[igt-dev] [PATCH i-g-t 2/2] tests/i915/gem_concurrent_all: Add no-reloc capability

Tue Mar 22 19:34:24 UTC 2022

On Thu, Feb 24, 2022 at 02:04:44PM +0100, Kamil Konieczny wrote:
> Add noreloc mode for GPU gens without relocations.
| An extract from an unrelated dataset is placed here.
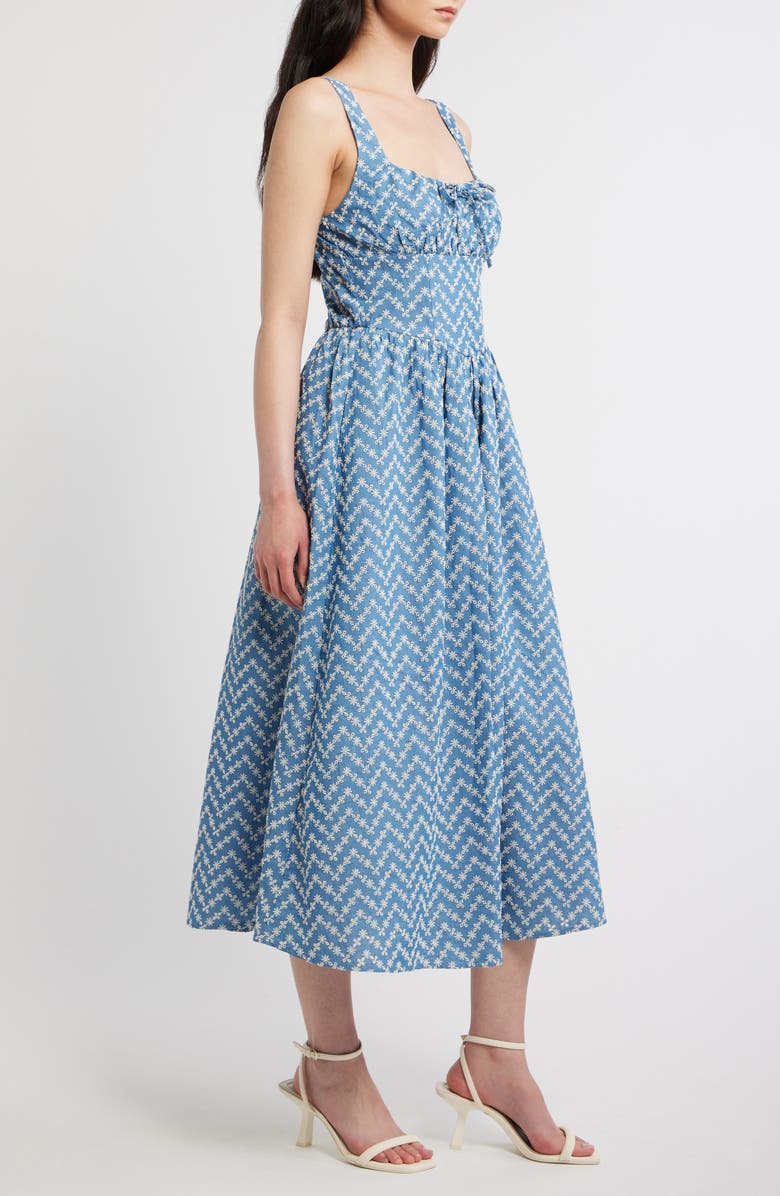 Blu Pepper Embroidered Cotton Blend Denim Midi Dress, Alternate, color, Denim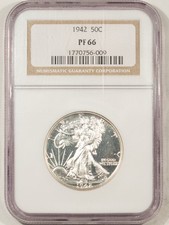 1942 PROOF WALKING LIBERTY MEZZO DOLLARO - NGC PF-66, LEGGERO CONTRASTO CAMMEO!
Also
> while at this, add some caching for required properties.
> Change also snoop function so it will work on DG1.
> 
> v4: corrected alloc_open and first ahnd setting
> 
> Signed-off-by: Kamil Konieczny <kamil.konieczny at linux.intel.com>
> Cc: Zbigniew Kempczyński <zbigniew.kempczynski at intel.com>
> ---
>  tests/i915/gem_concurrent_all.c | 162 +++++++++++++++++++++++++++-----
>  1 file changed, 139 insertions(+), 23 deletions(-)
> 
> diff --git a/tests/i915/gem_concurrent_all.c b/tests/i915/gem_concurrent_all.c
> index d0f9b62e..24009da4 100644
> --- a/tests/i915/gem_concurrent_all.c
> +++ b/tests/i915/gem_concurrent_all.c
> @@ -60,6 +60,7 @@ int fd, devid, gen;
>  int vgem_drv = -1;
>  int all;
>  int pass;
> +uint64_t ahnd;
>  
>  struct create {
>  	const char *name;
> @@ -239,8 +240,16 @@ unmapped_create_bo(const struct buffers *b)
>  
>  static void create_snoop_require(const struct create *create, unsigned count)
>  {
> +	static bool check_llc = true;
> +	static bool has_snoop;
> +
>  	create_cpu_require(create, count);
> -	igt_require(!gem_has_llc(fd));
> +	if (check_llc) {
> +		has_snoop = !gem_has_llc(fd);
> +		check_llc = false;
> +		igt_require(!gem_has_llc(fd));
> +	} else
> +		igt_require(has_snoop);
>  }

For this case (gem_concurrent_blit) you may cache - there's no reopening
of another device. But be careful for other tests.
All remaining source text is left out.